■ ABOUT THIS EXERCISE
Please repeat the records, word for word and without gaps.

■ Stored entries
==========

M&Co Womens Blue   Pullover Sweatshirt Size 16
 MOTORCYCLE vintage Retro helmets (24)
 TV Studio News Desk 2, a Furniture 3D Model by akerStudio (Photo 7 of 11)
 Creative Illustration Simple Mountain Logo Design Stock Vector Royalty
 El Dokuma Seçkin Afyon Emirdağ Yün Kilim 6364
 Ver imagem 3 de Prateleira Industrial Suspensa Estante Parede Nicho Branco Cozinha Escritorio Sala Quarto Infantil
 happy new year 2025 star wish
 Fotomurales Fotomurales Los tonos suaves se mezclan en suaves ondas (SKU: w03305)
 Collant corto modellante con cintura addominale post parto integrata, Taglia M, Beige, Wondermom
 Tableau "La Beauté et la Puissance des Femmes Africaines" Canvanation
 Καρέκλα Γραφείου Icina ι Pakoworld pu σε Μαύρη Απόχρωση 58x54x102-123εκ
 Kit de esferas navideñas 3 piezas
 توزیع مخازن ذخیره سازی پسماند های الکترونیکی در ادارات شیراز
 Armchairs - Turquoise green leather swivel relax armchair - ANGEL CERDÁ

==========

■ SOLUTION FOR THIS TASK
M&Co Womens Blue   Pullover Sweatshirt Size 16
 MOTORCYCLE vintage Retro helmets (24)
 TV Studio News Desk 2, a Furniture 3D Model by akerStudio (Photo 7 of 11)
 Creative Illustration Simple Mountain Logo Design Stock Vector Royalty
 El Dokuma Seçkin Afyon Emirdağ Yün Kilim 6364
 Ver imagem 3 de Prateleira Industrial Suspensa Estante Parede Nicho Branco Cozinha Escritorio Sala Quarto Infantil
 happy new year 2025 star wish
 Fotomurales Fotomurales Los tonos suaves se mezclan en suaves ondas (SKU: w03305)
 Collant corto modellante con cintura addominale post parto integrata, Taglia M, Beige, Wondermom
 Tableau "La Beauté et la Puissance des Femmes Africaines" Canvanation
 Καρέκλα Γραφείου Icina ι Pakoworld pu σε Μαύρη Απόχρωση 58x54x102-123εκ
 Kit de esferas navideñas 3 piezas
 توزیع مخازن ذخیره سازی پسماند های الکترونیکی در ادارات شیراز
 Armchairs - Turquoise green leather swivel relax armchair - ANGEL CERDÁ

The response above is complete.